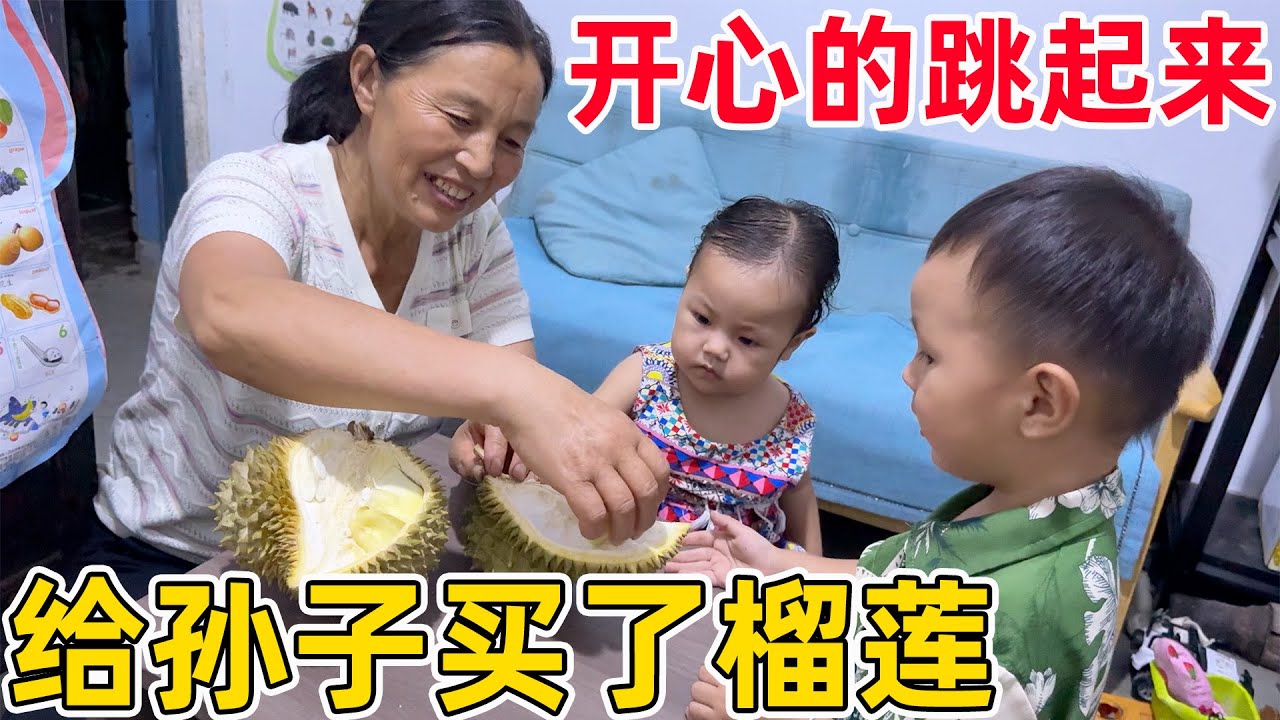 两个孙子喜欢吃榴莲，特意买了一个，兄妹两开心的跳起来了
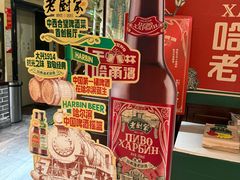 -老厨家(中央大街西七道街店)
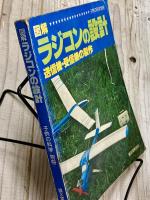 図解　ラジコンの設計　送信機・受信機の製作　子供の科学別冊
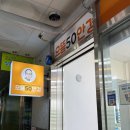 으뜸50안경 미사역점 이미지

┄┄┄┄┄┄

__ABOUT THIS TASK__.
All lines from the one containing "-老厨家(中央大街西七道街店)" through the end of the data are to be written out exactly, with nothing added; skip the pictures.

__SOLUTION FOR THIS PROBLEM__.
 -老厨家(中央大街西七道街店)
 図解　ラジコンの設計　送信機・受信機の製作　子供の科学別冊
 으뜸50안경 미사역점 이미지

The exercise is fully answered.